*** DATA EXTRACT

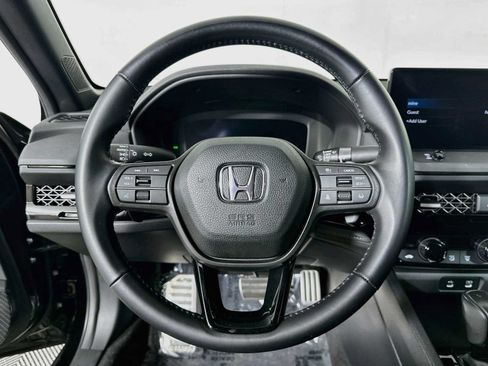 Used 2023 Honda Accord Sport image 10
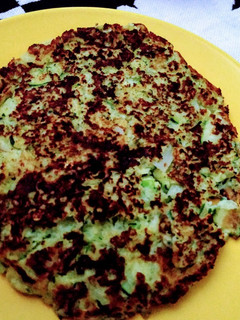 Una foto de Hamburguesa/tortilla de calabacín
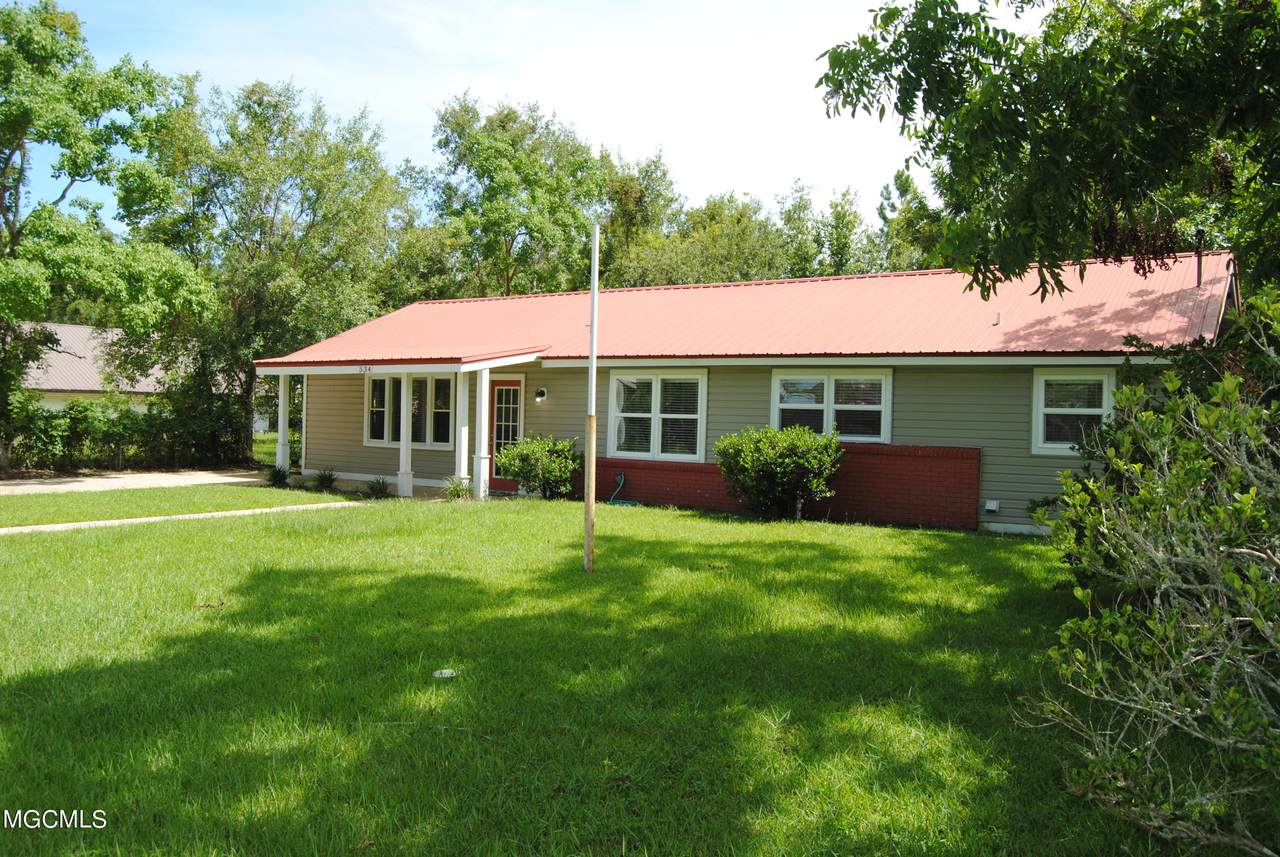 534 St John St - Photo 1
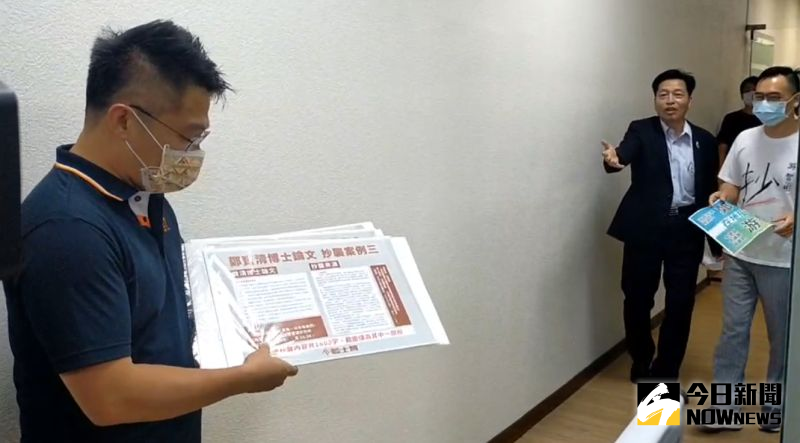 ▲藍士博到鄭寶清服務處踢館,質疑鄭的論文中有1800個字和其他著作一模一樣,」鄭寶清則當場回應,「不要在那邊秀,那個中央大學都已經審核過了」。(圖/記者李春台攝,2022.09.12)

******

» **TASK INSTRUCTIONS**
From the line holding "534 St John St - Photo 1" to the last line of the listing, please output each line exactly as it stands. Pictures stay out of the copy.

» **ANSWER TO THE PROBLEM**
 534 St John St - Photo 1
 ▲藍士博到鄭寶清服務處踢館,質疑鄭的論文中有1800個字和其他著作一模一樣,」鄭寶清則當場回應,「不要在那邊秀,那個中央大學都已經審核過了」。(圖/記者李春台攝,2022.09.12)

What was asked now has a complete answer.